American Academy Members Richard Meserve and Geneva Overholser will serve as the co-chairs of the Public Face of Science project.
A physicist, lawyer, and member of the American Academy's Council and Trust, Meserve is a Senior Of Counsel with Covington & Burling LLP. He is chairman of the International Nuclear Safety Group, chartered by the International Atomic Energy Agency. From 2003 to 2014, he served as president of the Carnegie Institution for Science, having previously served as the Chairman of the United States Nuclear Regulatory Commission. A Senior Fellow at the Democracy Fund, Overholser was the director of the USC Annenberg School of Journalism from 2008 to 2013. Previously, she held the Hurley Chair in Public Affairs Reporting for the Missouri School of Journalism. In addition, Overholser has been editor of the Des Moines Register, ombudsman of the Washington Post and a member of the editorial board of The New York Times.

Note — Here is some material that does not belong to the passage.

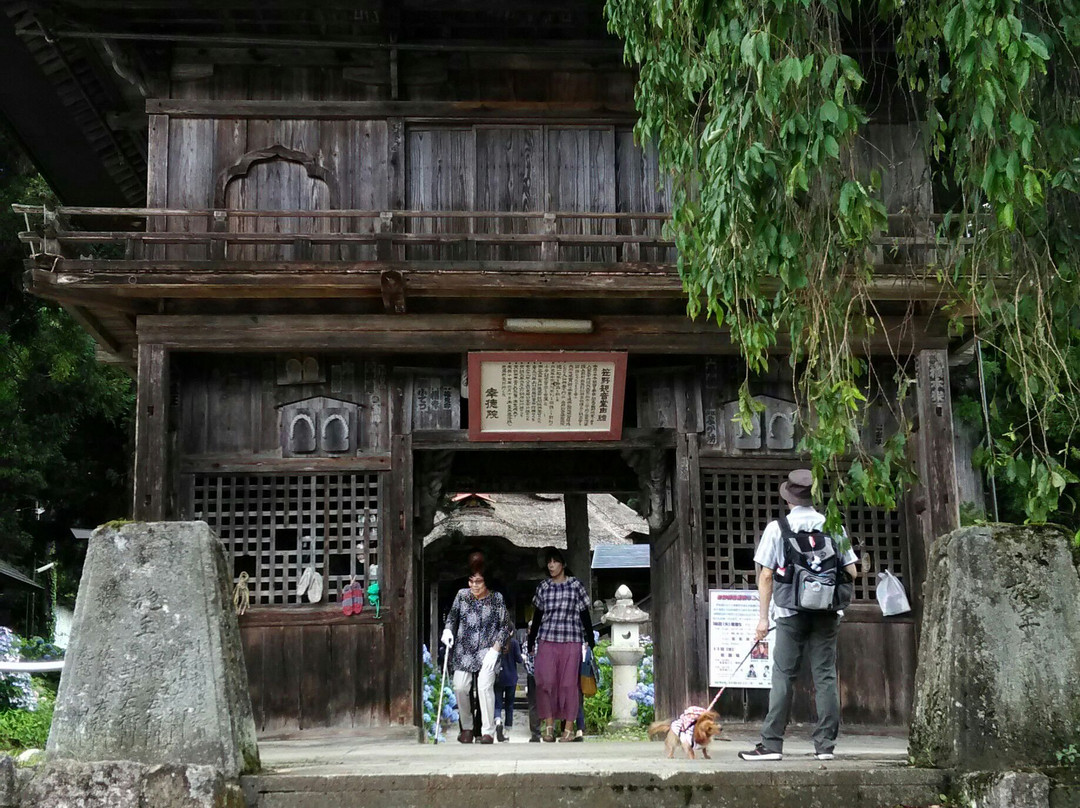 Sasano Kannon-米泽市必去景点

"Research in science and engineering is integral to every aspect of our society, yet the scientific community continues to face challenges in portraying its work to the public," said Meserve. "While scientific literacy is an important goal, it is equally important to convey the nature of scientific discovery to the general population, so that citizens can better understand the process by which scientists arrive at a consensus on matters pertaining to their health, environment, security, and well-being. This American Academy study will take several approaches to understand better how the public arrives at its views regarding the output of scientific inquiry."
"The future will be enormously shaped by non-traditional forms of communication," said Overholser. "People today have so many ways to learn about science and its relevance to public policy, and those outlets are becoming increasingly important as the number of traditional science reporters continues to diminish. The Public Face of Science initiative will explore this evolving landscape and the effect that it has on the public's confidence in the validity of scientific information."
In addition to Meserve and Overholser, members of the steering committee for the Public Face of Science project include Emilio Bizzi, Massachusetts Institute of Technology; Geoffrey Cowan, University of Southern California; Ellen Futter, American Museum of Natural History; Sylvester James Gates, Jr., University of Maryland; President's Council of Advisors on Science and Technology; Kathleen Hall Jamieson, University of Pennsylvania; Robert Hauser, National Research Council and the University of Wisconsin-Madison; Rush Holt, American Association for the Advancement of Science; Venkatesh Narayanamurti, Harvard University; Nora Newcombe, Temple University; Kenneth Prewitt, Columbia University; Rebecca Rimel, Pew Charitable Trusts, and Cristián Samper, Wildlife Conservation Society.
The Public Face of Science project is funded in part by the Gordon and Betty Moore Foundation.
Founded in 1780, the American Academy of Arts and Sciences is one of the country's oldest learned societies and independent policy research centers, convening leaders from the academic, business, and government sectors to respond to the challenges facing the nation and the world. Current Academy research focuses on science and technology policy; higher education, the humanities, and the arts; global security and energy; and American institutions and the public good. The Academy's work is advanced by its elected members, who are leaders in the academic disciplines, the arts, business, and public affairs from around the world.